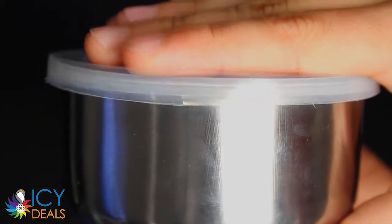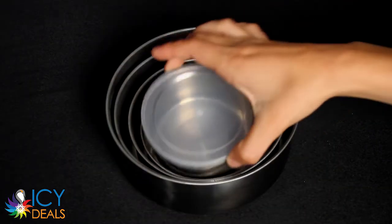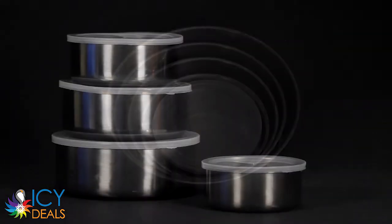They keep your food fresh with their airtight lids. When not in use, they securely nest within one another for compact storage. This is a wonderful addition to any kitchen.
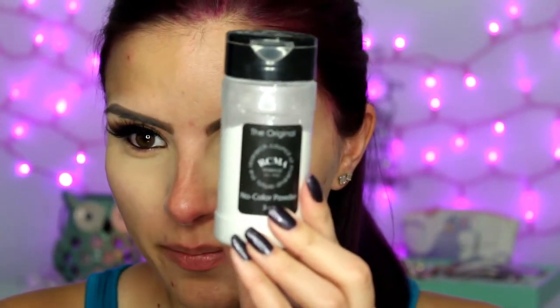Then to set that, I'm using the RCMA No Color Powder. Then taking a short shader brush with the shade Raw Sienna, I'm just going to run that along my lower lash line, but I'm not going to take it all the way in — just about right there.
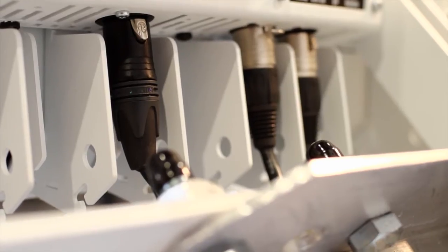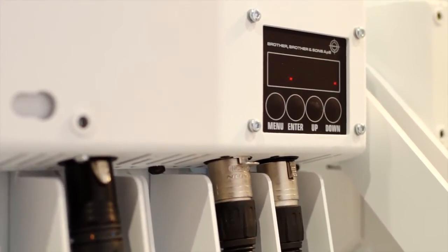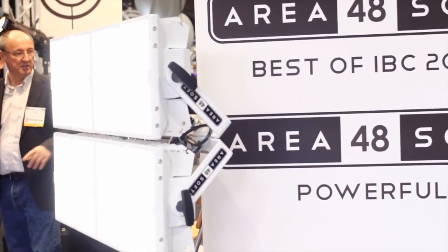This new product — the special thing about it is that it's a soft light. Since the panel already has the diffusion built in, we don't have to add a diffusion and lose a lot of light. This one is only at 20% right now, so it will become really bright.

════════════════

Only the pictures may be dropped when you copy the data above; everything else stays exact.

- _SOLUTION TO THE PROBLEM_:
They keep your food fresh with their airtight lids. When not in use, they securely nest within one another for compact storage. This is a wonderful addition to any kitchen.
Then to set that, I'm using the RCMA No Color Powder. Then taking a short shader brush with the shade Raw Sienna, I'm just going to run that along my lower lash line, but I'm not going to take it all the way in — just about right there.
This new product — the special thing about it is that it's a soft light. Since the panel already has the diffusion built in, we don't have to add a diffusion and lose a lot of light. This one is only at 20% right now, so it will become really bright.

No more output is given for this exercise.